/---

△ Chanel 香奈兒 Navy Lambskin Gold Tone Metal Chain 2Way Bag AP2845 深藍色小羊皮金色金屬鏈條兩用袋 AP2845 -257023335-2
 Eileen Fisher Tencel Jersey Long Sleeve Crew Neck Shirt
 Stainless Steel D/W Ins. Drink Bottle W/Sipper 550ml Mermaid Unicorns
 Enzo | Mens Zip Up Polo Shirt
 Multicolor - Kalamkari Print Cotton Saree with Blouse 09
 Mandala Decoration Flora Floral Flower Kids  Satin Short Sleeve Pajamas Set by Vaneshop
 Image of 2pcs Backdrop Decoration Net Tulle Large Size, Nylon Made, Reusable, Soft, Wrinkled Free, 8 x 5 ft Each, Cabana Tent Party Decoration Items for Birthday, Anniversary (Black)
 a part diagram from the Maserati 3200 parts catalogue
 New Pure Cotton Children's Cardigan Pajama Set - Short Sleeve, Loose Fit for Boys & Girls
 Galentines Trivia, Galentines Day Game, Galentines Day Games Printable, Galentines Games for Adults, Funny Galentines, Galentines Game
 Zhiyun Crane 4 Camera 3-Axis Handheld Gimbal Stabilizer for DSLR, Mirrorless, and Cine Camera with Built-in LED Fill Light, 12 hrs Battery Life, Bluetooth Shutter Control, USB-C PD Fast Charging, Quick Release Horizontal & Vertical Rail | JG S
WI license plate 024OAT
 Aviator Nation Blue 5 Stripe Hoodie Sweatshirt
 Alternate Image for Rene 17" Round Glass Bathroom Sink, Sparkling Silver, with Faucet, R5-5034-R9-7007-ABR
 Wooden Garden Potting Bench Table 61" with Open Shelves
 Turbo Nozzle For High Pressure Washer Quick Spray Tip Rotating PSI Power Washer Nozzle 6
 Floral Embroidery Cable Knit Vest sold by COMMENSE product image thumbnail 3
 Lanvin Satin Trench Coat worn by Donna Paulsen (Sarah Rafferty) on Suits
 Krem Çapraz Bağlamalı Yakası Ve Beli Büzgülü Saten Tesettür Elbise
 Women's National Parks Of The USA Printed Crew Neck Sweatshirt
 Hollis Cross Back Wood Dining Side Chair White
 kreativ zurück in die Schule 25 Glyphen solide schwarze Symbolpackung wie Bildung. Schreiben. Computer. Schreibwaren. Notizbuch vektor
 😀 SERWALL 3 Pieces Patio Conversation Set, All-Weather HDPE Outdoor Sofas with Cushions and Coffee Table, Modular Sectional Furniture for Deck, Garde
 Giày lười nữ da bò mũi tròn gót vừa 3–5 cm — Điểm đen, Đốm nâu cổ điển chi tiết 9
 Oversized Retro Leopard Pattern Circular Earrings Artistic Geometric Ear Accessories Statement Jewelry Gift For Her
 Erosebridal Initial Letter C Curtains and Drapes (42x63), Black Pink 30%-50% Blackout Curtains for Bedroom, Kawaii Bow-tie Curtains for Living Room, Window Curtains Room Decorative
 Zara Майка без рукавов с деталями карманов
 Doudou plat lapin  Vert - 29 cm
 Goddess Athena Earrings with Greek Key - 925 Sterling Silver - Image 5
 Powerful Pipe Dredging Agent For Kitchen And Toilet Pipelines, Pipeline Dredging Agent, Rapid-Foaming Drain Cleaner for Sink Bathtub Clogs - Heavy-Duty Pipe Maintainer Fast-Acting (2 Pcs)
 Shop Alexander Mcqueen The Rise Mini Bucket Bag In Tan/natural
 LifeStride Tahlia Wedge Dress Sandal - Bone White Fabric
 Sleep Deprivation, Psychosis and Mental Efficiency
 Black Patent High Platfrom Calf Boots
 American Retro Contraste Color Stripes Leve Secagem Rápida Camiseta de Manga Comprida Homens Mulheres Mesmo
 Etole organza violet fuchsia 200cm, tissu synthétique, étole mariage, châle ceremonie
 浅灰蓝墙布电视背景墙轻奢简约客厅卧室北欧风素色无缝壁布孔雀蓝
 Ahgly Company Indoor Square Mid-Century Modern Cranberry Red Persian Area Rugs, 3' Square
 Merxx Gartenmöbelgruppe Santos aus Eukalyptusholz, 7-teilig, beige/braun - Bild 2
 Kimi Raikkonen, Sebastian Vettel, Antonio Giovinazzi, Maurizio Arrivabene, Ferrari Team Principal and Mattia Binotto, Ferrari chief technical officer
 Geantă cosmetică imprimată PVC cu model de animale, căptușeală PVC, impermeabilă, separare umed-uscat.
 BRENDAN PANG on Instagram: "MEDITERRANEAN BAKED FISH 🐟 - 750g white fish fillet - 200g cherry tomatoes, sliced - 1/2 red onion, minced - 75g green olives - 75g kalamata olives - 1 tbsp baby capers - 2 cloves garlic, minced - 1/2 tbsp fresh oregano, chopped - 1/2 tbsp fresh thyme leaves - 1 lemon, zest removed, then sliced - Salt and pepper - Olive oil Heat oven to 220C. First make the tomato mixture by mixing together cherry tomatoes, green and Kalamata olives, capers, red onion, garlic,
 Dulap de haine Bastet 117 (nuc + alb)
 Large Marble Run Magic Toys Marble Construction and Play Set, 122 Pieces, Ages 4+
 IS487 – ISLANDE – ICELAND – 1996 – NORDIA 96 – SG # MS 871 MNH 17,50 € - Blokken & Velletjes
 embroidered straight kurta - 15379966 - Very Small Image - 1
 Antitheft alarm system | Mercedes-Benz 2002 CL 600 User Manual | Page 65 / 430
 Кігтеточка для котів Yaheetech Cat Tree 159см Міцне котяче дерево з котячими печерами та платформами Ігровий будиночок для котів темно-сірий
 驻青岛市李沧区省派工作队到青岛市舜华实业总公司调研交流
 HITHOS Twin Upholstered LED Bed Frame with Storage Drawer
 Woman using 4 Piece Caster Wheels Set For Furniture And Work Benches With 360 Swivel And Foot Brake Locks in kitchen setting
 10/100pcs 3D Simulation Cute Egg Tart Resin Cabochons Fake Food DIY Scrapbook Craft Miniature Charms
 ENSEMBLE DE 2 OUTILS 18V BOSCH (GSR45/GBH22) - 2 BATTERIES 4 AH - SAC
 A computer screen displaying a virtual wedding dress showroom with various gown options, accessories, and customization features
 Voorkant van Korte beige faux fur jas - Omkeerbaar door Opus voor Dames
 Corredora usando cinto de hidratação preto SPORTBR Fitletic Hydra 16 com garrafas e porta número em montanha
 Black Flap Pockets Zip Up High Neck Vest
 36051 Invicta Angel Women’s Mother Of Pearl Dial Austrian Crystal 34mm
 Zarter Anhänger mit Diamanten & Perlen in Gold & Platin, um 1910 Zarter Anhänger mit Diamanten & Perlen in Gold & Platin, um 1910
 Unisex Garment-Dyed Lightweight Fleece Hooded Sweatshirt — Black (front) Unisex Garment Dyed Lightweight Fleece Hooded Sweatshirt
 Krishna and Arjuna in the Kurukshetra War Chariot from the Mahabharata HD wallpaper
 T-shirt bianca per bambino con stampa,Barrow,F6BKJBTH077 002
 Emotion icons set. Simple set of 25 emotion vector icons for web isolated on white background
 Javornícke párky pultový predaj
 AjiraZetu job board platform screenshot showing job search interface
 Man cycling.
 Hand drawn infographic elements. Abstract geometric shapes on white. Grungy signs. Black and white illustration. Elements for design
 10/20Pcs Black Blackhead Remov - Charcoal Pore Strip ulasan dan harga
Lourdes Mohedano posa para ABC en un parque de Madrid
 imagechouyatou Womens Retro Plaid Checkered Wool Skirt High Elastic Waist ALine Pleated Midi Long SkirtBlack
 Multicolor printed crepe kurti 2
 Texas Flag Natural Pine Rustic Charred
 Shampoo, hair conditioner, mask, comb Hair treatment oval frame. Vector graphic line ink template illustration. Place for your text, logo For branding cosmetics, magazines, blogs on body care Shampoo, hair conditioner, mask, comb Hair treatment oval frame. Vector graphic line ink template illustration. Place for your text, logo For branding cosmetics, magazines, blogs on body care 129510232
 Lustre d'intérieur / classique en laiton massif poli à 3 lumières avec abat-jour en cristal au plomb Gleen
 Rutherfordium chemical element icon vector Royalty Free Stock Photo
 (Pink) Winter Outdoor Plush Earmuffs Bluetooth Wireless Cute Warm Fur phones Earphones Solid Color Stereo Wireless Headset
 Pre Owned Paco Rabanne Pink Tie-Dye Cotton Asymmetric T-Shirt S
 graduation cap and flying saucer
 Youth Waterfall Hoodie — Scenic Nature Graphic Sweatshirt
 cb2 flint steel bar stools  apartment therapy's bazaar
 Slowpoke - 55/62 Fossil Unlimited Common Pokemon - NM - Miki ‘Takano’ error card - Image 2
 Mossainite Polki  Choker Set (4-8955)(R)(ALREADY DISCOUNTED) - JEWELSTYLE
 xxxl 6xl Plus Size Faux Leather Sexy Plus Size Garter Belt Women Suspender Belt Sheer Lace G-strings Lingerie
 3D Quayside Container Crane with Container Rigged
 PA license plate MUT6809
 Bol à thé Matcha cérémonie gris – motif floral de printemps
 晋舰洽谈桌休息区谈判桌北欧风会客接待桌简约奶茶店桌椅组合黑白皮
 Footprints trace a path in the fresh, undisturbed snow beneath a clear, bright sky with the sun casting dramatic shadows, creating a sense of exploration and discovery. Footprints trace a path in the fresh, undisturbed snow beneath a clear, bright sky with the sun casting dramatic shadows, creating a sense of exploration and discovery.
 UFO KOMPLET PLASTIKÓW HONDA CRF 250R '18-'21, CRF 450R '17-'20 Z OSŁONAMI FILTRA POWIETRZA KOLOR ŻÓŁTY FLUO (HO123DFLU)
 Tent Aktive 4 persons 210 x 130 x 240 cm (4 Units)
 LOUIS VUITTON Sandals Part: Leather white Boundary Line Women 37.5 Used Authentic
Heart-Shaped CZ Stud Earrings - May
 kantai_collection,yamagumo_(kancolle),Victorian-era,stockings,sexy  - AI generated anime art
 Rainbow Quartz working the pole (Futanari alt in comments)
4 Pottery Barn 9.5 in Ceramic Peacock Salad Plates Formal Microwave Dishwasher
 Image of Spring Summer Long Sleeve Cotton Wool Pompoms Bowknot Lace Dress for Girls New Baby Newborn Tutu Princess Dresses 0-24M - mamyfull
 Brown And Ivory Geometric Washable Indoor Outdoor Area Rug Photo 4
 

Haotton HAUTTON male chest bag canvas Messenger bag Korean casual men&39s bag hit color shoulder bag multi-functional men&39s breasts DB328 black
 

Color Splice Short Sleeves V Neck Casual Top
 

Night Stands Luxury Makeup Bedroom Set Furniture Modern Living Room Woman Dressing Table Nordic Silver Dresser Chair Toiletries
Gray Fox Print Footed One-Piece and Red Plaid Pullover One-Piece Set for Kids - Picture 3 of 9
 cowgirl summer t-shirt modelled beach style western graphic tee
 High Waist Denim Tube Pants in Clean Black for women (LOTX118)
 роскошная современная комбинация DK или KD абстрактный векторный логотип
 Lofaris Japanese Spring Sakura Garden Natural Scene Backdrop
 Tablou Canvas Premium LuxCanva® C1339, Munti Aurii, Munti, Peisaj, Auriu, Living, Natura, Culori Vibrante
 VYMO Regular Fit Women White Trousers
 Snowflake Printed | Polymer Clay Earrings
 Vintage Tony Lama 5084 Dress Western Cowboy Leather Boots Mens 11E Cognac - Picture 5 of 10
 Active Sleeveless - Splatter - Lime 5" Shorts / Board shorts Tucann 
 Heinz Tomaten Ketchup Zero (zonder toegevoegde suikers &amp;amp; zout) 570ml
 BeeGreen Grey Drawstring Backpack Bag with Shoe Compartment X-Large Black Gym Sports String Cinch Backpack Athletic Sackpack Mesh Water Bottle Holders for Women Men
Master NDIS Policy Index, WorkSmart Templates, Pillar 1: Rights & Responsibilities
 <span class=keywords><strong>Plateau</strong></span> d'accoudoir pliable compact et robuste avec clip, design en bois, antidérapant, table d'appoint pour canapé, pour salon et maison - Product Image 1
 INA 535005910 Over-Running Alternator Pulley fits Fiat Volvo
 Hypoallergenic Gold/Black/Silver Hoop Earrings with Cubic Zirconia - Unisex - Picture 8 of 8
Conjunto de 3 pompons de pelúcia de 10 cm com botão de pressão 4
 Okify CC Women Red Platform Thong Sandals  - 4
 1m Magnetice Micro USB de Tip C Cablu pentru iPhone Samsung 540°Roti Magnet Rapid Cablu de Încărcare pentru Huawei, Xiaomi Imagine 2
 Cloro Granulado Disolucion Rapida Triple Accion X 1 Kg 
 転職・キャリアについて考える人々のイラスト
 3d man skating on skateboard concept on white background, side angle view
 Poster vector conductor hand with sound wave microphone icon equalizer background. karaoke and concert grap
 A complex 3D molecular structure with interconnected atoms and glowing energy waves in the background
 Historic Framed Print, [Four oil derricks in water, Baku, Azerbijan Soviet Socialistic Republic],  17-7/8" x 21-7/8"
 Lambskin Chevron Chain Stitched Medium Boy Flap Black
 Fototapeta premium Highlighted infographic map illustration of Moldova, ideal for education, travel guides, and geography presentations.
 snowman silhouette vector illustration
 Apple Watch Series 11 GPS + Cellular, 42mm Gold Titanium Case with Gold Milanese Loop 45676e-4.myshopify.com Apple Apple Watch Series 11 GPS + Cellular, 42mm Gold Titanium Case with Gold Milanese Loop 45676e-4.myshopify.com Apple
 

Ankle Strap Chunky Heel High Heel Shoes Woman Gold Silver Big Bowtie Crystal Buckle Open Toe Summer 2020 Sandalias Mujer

\---

*TASK INSTRUCTIONS*. Look above for the line holding "Mandala Decoration Flora" and the line holding "Wooden Garden Potting". Retype both, and every line between them, word for word and nothing else.

*PROBLEM SOLUTION*.
 Mandala Decoration Flora Floral Flower Kids  Satin Short Sleeve Pajamas Set by Vaneshop
 Image of 2pcs Backdrop Decoration Net Tulle Large Size, Nylon Made, Reusable, Soft, Wrinkled Free, 8 x 5 ft Each, Cabana Tent Party Decoration Items for Birthday, Anniversary (Black)
 a part diagram from the Maserati 3200 parts catalogue
 New Pure Cotton Children's Cardigan Pajama Set - Short Sleeve, Loose Fit for Boys & Girls
 Galentines Trivia, Galentines Day Game, Galentines Day Games Printable, Galentines Games for Adults, Funny Galentines, Galentines Game
 Zhiyun Crane 4 Camera 3-Axis Handheld Gimbal Stabilizer for DSLR, Mirrorless, and Cine Camera with Built-in LED Fill Light, 12 hrs Battery Life, Bluetooth Shutter Control, USB-C PD Fast Charging, Quick Release Horizontal & Vertical Rail | JG S
WI license plate 024OAT
 Aviator Nation Blue 5 Stripe Hoodie Sweatshirt
 Alternate Image for Rene 17" Round Glass Bathroom Sink, Sparkling Silver, with Faucet, R5-5034-R9-7007-ABR
 Wooden Garden Potting Bench Table 61" with Open Shelves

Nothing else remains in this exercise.